┌─ Record set

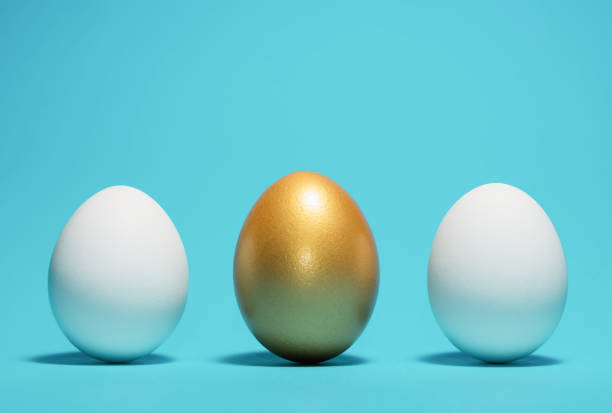 istock Concept of exclusivity, individuality, best choice. 1312097270
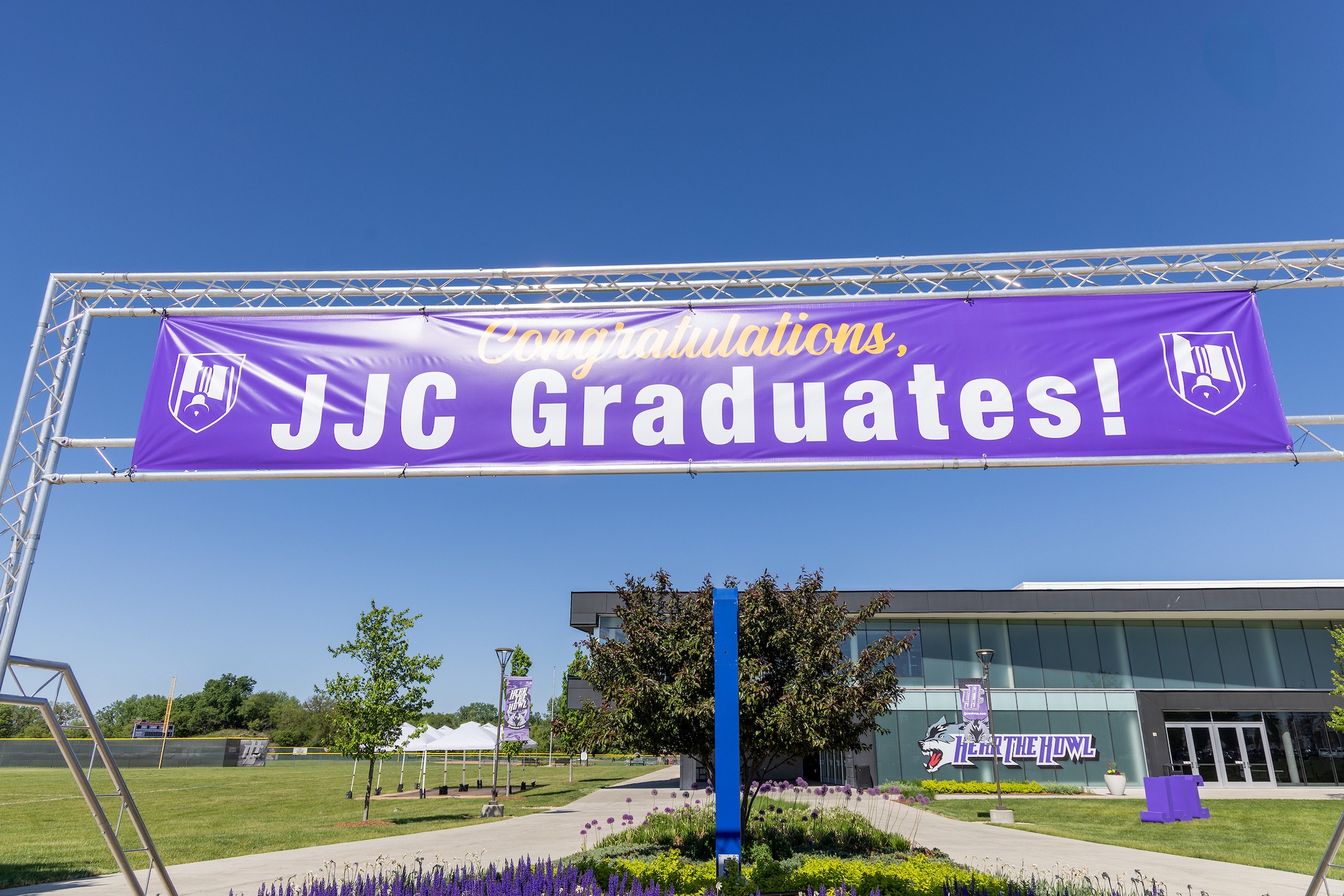Joliet Junior College added a new... - Joliet Junior College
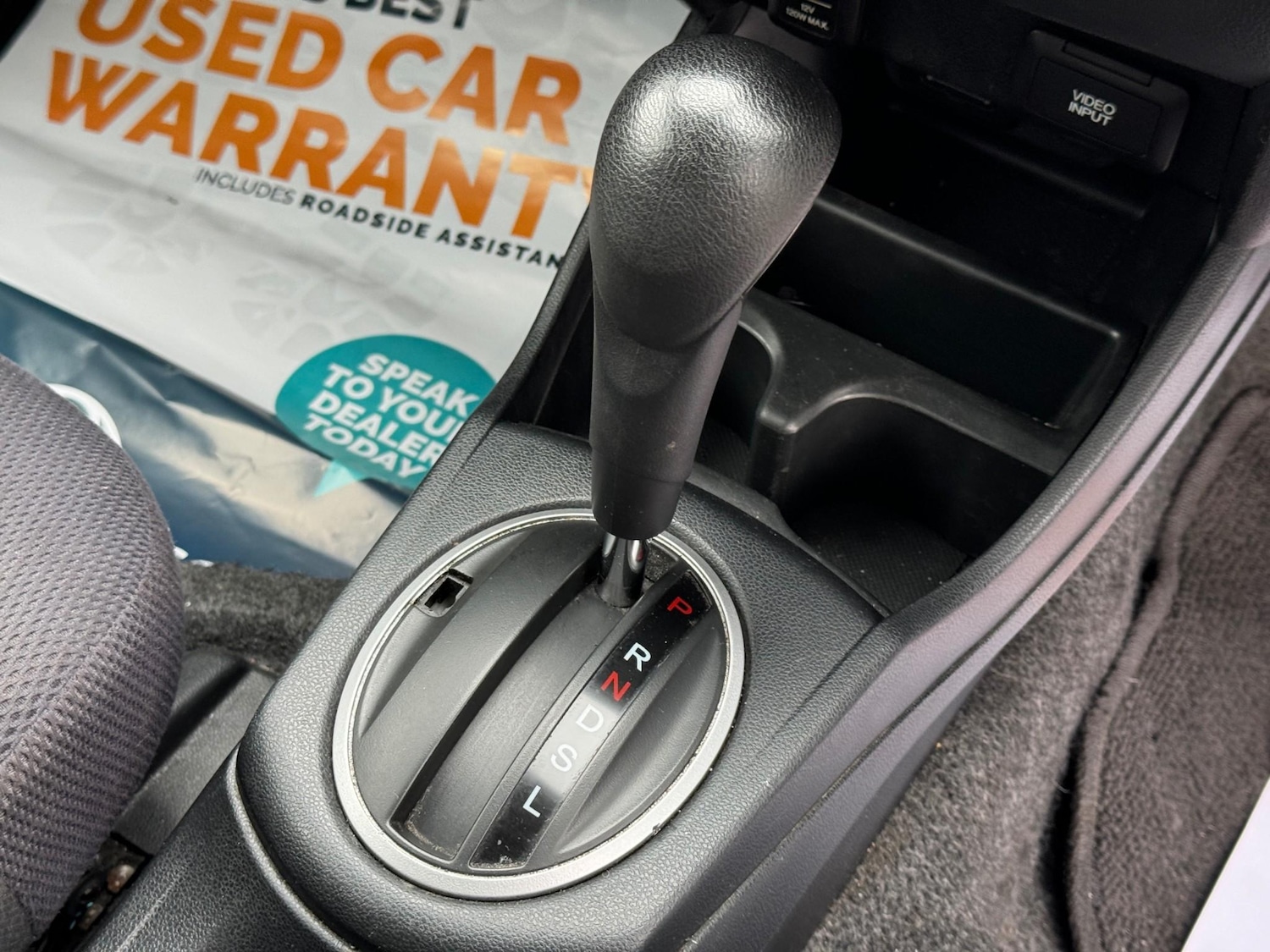 Used Honda Jazz 2011 for sale - 76079938: Photo 12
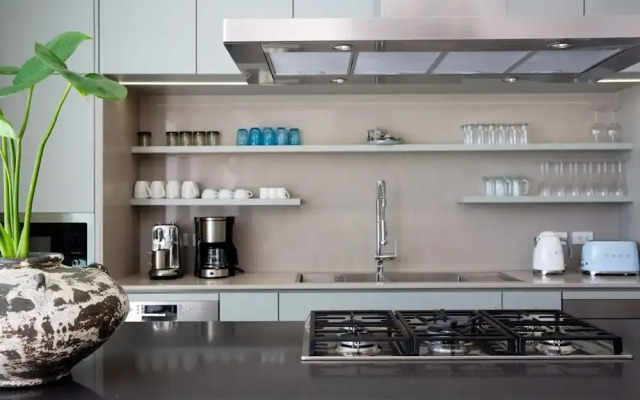 Syrah 3-bedroom Beachfront Villa in Koh Samui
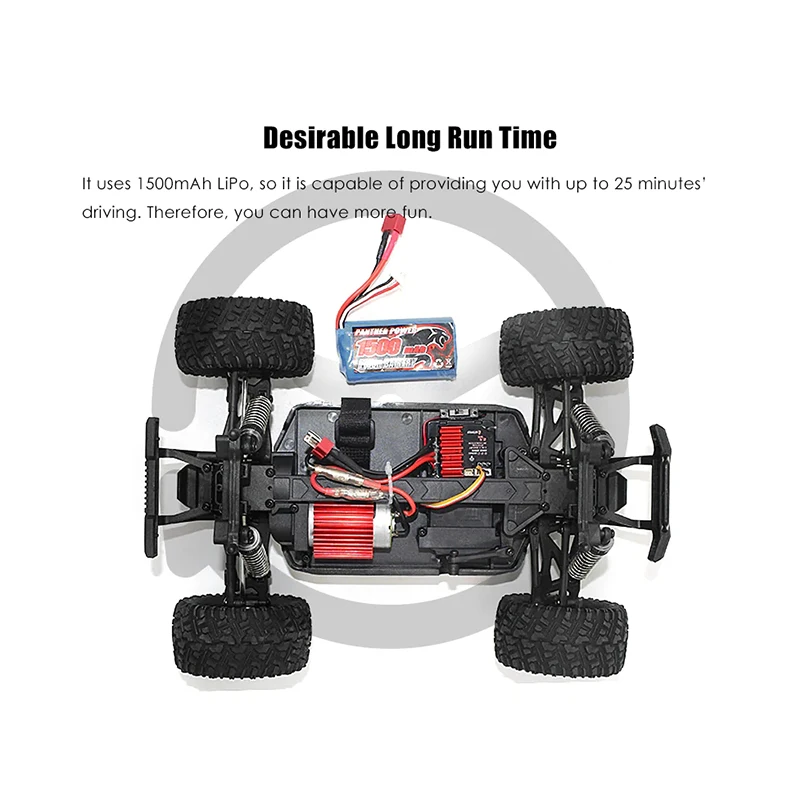 REMO 1631 1/16 Радиоуправляемая машина 4WD 2,4 GHz альпинистская машина 4x4 с двойными моторами модель автомобиля дистанционного управления Внедорожник игрушка SMAX RC грузовик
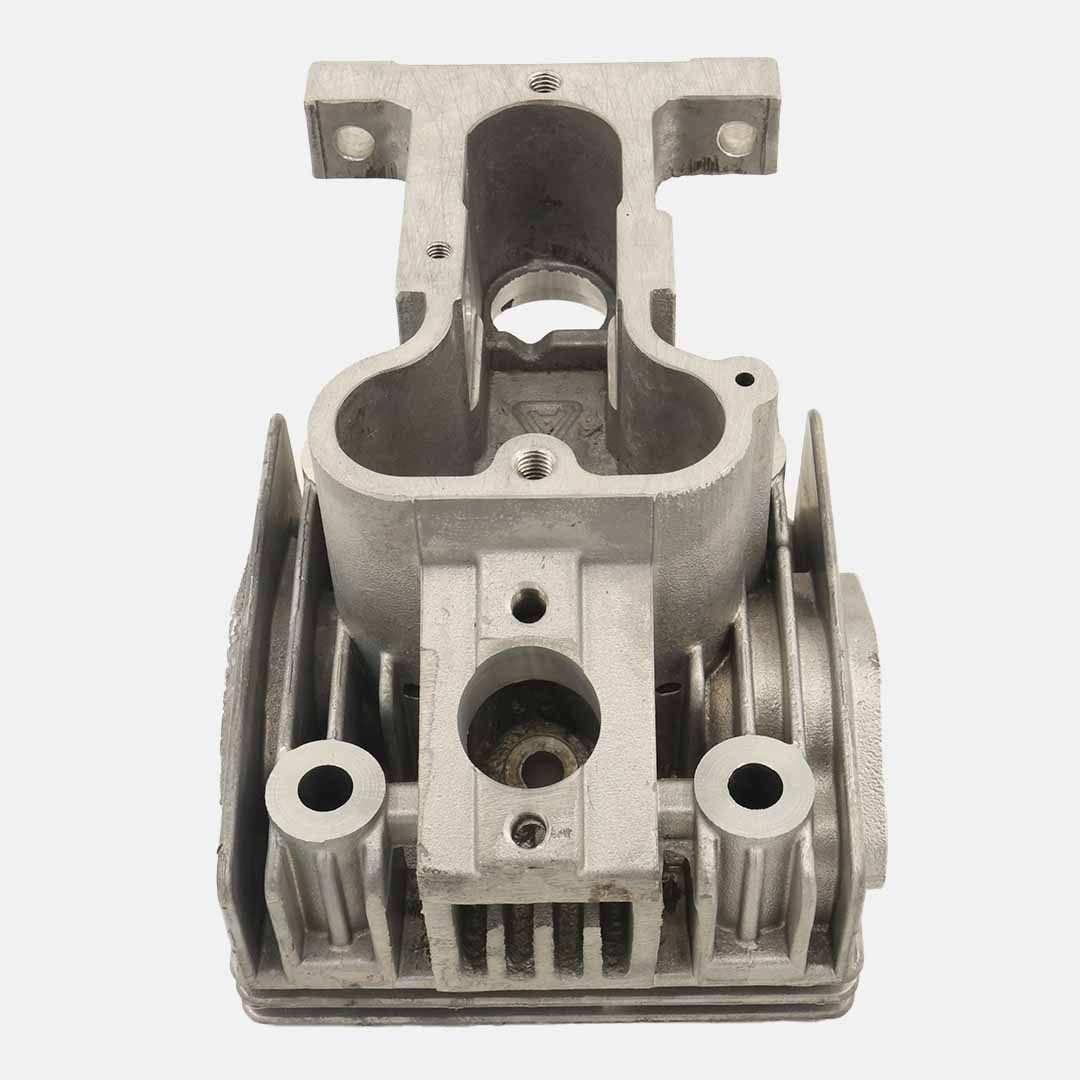 SİL. KAFATASI KMP. 3L0510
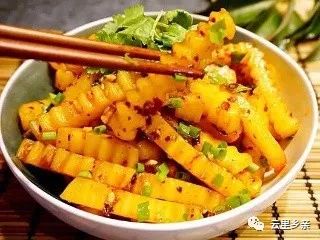 牛干巴最佳吃法能直接吃嘛,盐焗牛干巴的10种吃法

└─

■ What to produce
In the copy, each entry above must match exactly, and no picture may be carried over.

■ Written solution
 istock Concept of exclusivity, individuality, best choice. 1312097270
Joliet Junior College added a new... - Joliet Junior College
 Used Honda Jazz 2011 for sale - 76079938: Photo 12
 Syrah 3-bedroom Beachfront Villa in Koh Samui
 REMO 1631 1/16 Радиоуправляемая машина 4WD 2,4 GHz альпинистская машина 4x4 с двойными моторами модель автомобиля дистанционного управления Внедорожник игрушка SMAX RC грузовик
 SİL. KAFATASI KMP. 3L0510
 牛干巴最佳吃法能直接吃嘛,盐焗牛干巴的10种吃法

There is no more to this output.